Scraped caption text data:

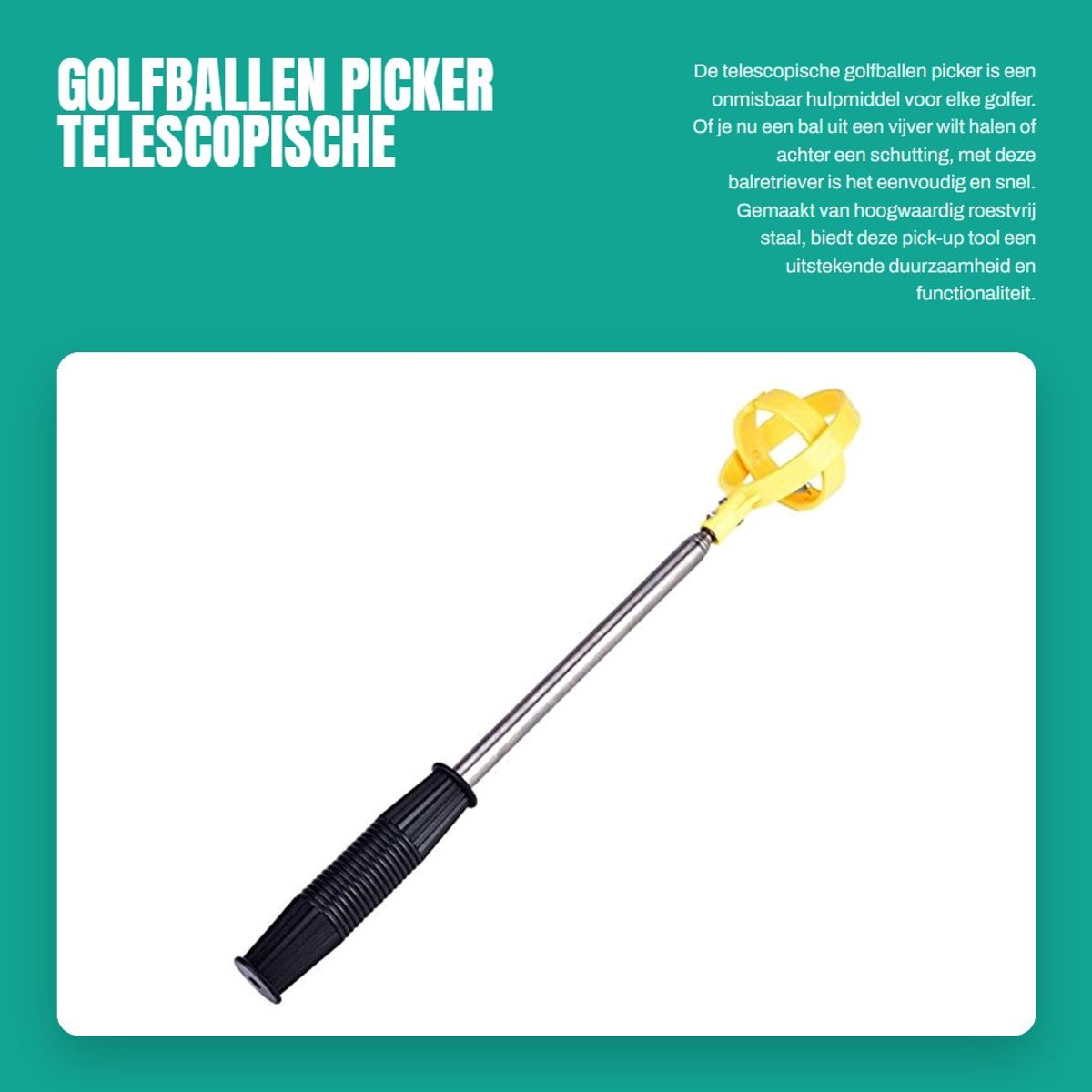 Dailygoods- Golfbal Picker - Telescopische Retriever - Roestvrij Staal - Lichtgewicht - Automatische Vergrendeling - Comfortabele Handgreep - Golfbalretriever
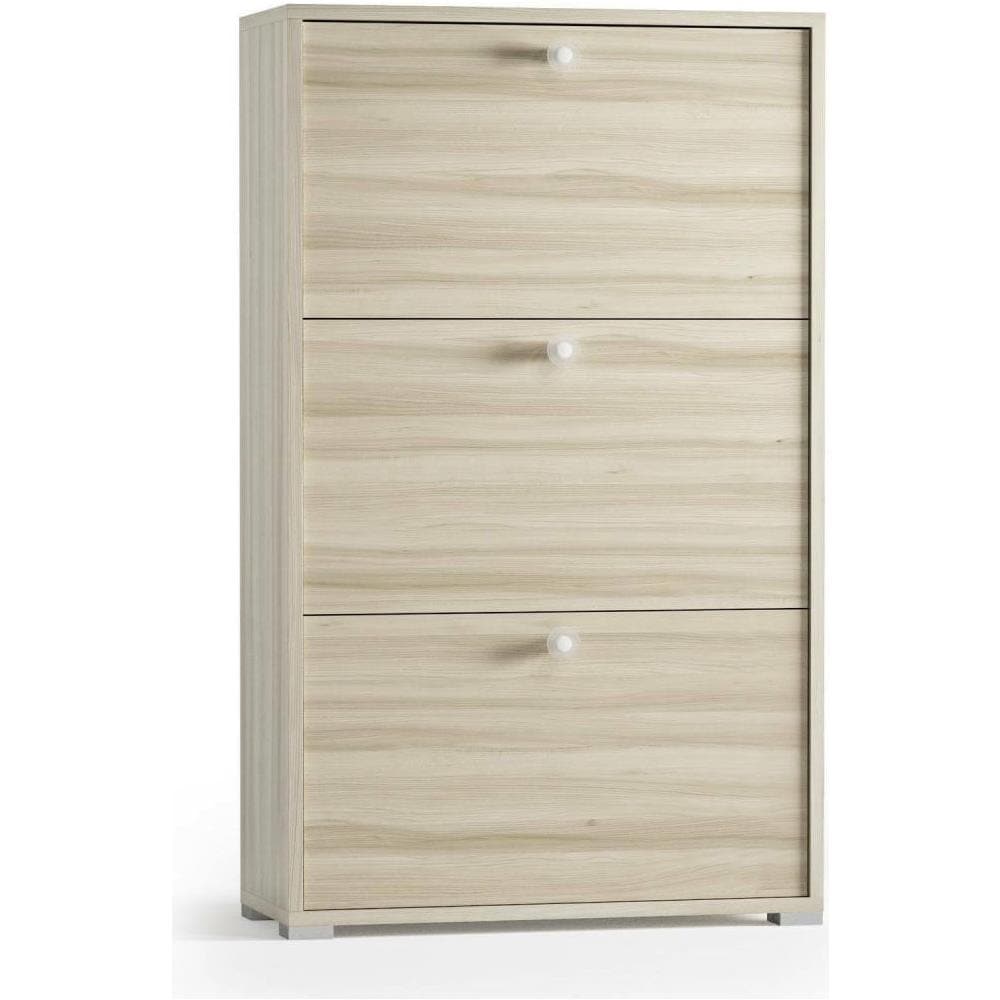 Scarpiera Peonia, Mobile Multiuso Da Ingresso Con 3 Ante A Ribalta, Armadietto Portascarpe A Doppia Profondità, 100% Made In Italy, 67x28h112 Cm, Olmo - Foto 2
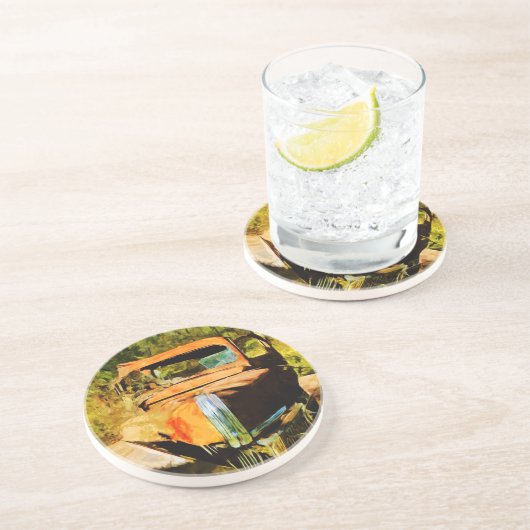 Rusty  Pick Up Truck Abstract Zandsteen Onderzetter (Zijkant)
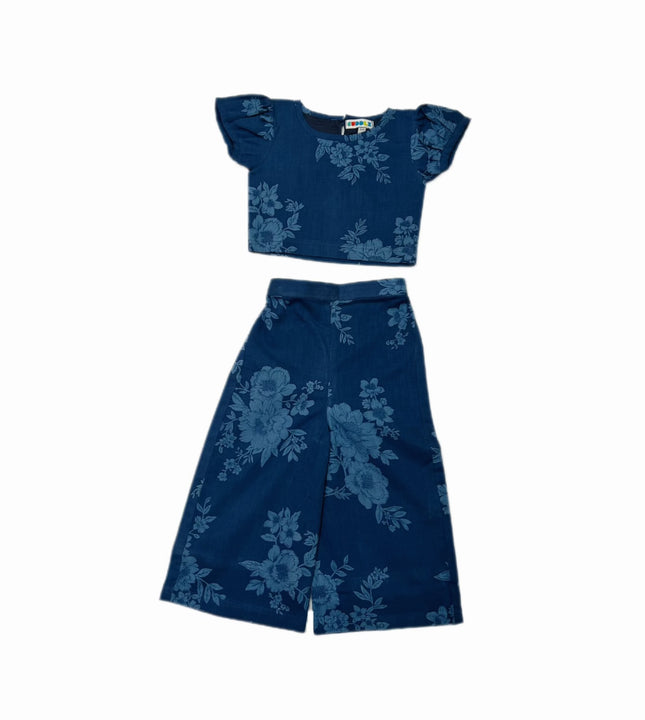 Girls Denim Bloom Co-ord Set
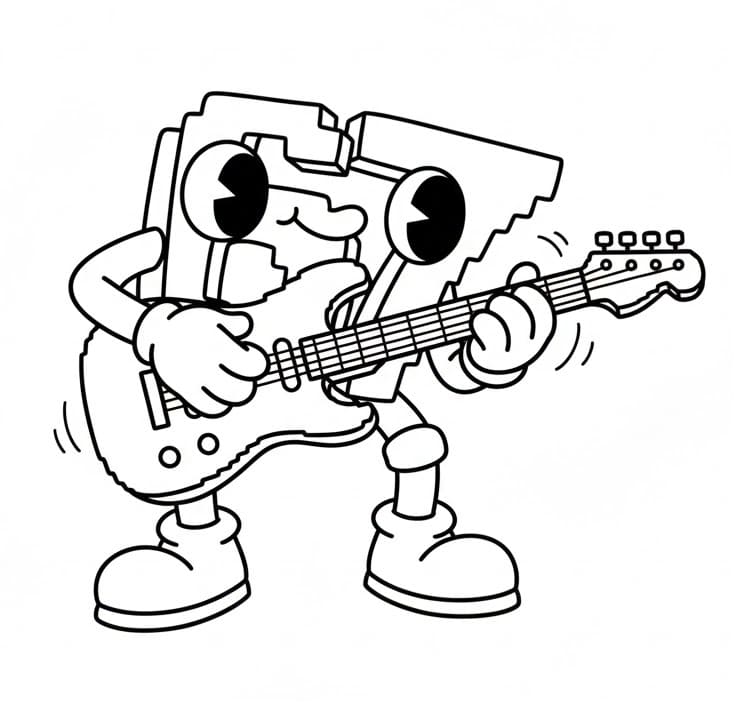 Målarbild 67 Brainrot spelar gitarr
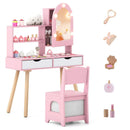 Kids Vanity Set Pretend Play Dressing Table Set with 3-Color Lighting Modes Adjustable Brightness and Mirror Cabinet by LJGDeals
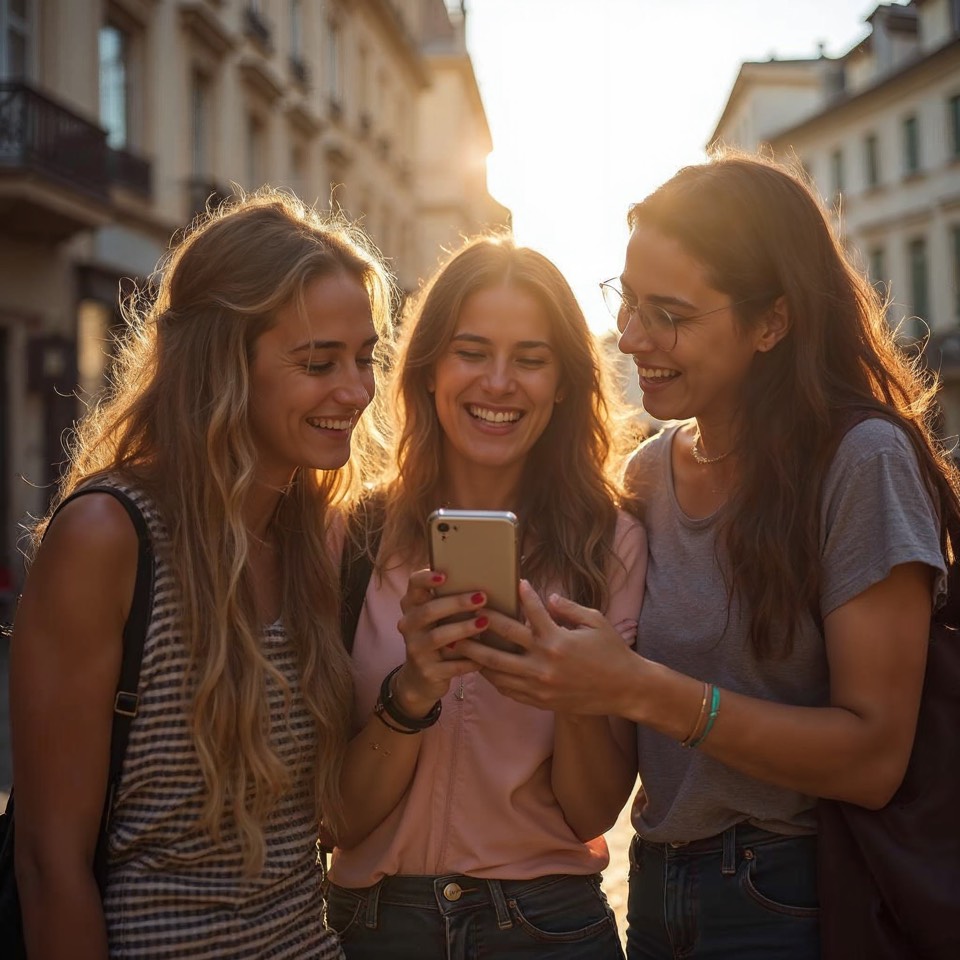 Drei Freundinnen auf einer sonnigen Straße lachen gemeinsam über ein Smartphone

| Try it |
Return every line of the records exactly as given, pictures excluded.

| Result of this exercise |
 Dailygoods- Golfbal Picker - Telescopische Retriever - Roestvrij Staal - Lichtgewicht - Automatische Vergrendeling - Comfortabele Handgreep - Golfbalretriever
 Scarpiera Peonia, Mobile Multiuso Da Ingresso Con 3 Ante A Ribalta, Armadietto Portascarpe A Doppia Profondità, 100% Made In Italy, 67x28h112 Cm, Olmo - Foto 2
 Rusty  Pick Up Truck Abstract Zandsteen Onderzetter (Zijkant)
 Girls Denim Bloom Co-ord Set
 Målarbild 67 Brainrot spelar gitarr
 Kids Vanity Set Pretend Play Dressing Table Set with 3-Color Lighting Modes Adjustable Brightness and Mirror Cabinet by LJGDeals
 Drei Freundinnen auf einer sonnigen Straße lachen gemeinsam über ein Smartphone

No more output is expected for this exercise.